You may have noticed that the entire array is accessed within each iteration. I began this post talking about a lower triangular matrix needed to find the distance on a map between two cities. On a map, roads go both ways, at least between cities, so why do I need to compute over the whole array? Couldn't the whole operation be further optimized by using only half the matrix? If I have a directed graph, there can be a path from Peoria to Quebec, but there may be no path from Quebec to Peoria. (Since my scenario takes place in summer, there might be road construction that closes all roads *into* Peoria or just the one you would normally travel when driving down from Quebec.) To compute the shortest path for all pairs of nodes in the graph, it's best to work with the whole array. Besides, the extra coding to translate the order of the `i`

, `j`

, and `k`

index variables to access a valid element in the lower triangular section can add complexity to the code and overhead to the computation.

The details of the TBB code should be comprehensible if you understand the serial algorithm, the serial code, and the operation of the TBB `parallel_for()`

algorithm. However, if you've been concentrating as you examined the code rather than simply lounging under a tree, sipping a Mint Julep, you might be asking yourself, "What about a data race on the `k`

^{th} row?" If you are imbibing a refreshing drink in the shade of a spreading chestnut, clear your thoughts and go back to the last code block to see if you can locate a problem.

If you examine the serial algorithm, each iteration of the `k`

-loop accesses (read and potential update) all entries of the `D`

matrix. The structure of the loops does this one row at a time reading values from a fixed row (`k`

). Without loss of generality, I can assume that entire row updates are assigned to individual threads by TBB. Consider two threads, `T0`

and `T1`

, where `T0`

is assigned some row `i != k`

and `T1`

is assigned to update row `k`

. Are there interleavings of `T0`

and `T1`

such that it can be shown that `T1`

could update `D[k][j]`

both before (one interleaving) and after (another interleaving) `T0`

updates `D[i][j]`

? Yes, I can do that quite easily. But, does it matter or can you return to your lounging activities?
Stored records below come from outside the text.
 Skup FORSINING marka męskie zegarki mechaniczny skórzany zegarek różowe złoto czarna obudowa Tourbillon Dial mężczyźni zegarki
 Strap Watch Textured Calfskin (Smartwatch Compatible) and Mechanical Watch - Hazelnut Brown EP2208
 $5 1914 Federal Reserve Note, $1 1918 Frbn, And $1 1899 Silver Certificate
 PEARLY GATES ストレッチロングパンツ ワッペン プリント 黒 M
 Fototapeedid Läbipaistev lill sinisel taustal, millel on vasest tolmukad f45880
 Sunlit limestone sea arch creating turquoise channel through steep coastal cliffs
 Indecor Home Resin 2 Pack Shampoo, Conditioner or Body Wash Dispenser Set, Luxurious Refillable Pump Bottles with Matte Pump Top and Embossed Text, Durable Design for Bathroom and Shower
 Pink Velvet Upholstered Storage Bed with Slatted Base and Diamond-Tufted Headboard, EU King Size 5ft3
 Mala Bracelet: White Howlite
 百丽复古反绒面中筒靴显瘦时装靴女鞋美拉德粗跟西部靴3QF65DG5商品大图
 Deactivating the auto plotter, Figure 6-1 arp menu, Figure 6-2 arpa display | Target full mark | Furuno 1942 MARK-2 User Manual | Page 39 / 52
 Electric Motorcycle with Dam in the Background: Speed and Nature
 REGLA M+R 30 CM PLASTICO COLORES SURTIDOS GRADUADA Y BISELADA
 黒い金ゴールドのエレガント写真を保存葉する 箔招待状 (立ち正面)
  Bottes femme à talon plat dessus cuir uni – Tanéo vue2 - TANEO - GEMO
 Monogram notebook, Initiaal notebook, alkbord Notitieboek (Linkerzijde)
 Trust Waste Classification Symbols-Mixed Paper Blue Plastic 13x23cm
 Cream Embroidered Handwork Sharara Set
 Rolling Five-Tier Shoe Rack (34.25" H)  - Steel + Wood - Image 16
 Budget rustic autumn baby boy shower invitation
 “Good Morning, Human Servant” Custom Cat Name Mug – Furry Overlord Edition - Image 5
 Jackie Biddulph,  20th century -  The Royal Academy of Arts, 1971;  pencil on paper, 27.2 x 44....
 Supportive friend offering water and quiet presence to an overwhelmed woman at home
This last question is really the crux of the matter. Let me rewrite the body of the inner loop by substituting `k`

for `i`

to explicitly illustrate the computation that `T1`

would execute. This substitution gives me

D[k][j] = min(D[k][j], D[k][k]+D[k][j])

From the original weight matrix I know that `D[k][k]`

will be zero. The only way to get a smaller value in a main diagonal element of the distance matrix would be to have a negative cycle from the node to itself. However, it was stipulated that the graph could have no negative cycles. The result of the above operation will be to find the minimum value between `D[k][j]`

and itself, which will result in no updates to any element of the distance matrix within row `k`

. Thus, regardless of how TBB divides up the distance matrix for updates, there will be no data race accessing elements from (the fixed) row `k`

.

Sometimes interleaving analysis is not quite enough. Just because there appears to be a data race, you also have to show that there will be actual adverse consequences from the problematic interleaving schedule.

And that is my tip for your travel planning process. That and don't forget to pack plenty sunscreen.